Work task
Both the line containing "Luftaufnahme von Turmkränen" and the last line of the listing are included: write out exactly the lines from one to the other.

Data below
***
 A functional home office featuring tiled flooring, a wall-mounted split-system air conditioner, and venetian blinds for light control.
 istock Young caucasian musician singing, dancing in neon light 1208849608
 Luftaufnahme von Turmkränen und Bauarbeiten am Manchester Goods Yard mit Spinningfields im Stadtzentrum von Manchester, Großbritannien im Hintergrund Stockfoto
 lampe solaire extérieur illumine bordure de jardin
***
Solution for this task
 Luftaufnahme von Turmkränen und Bauarbeiten am Manchester Goods Yard mit Spinningfields im Stadtzentrum von Manchester, Großbritannien im Hintergrund Stockfoto
 lampe solaire extérieur illumine bordure de jardin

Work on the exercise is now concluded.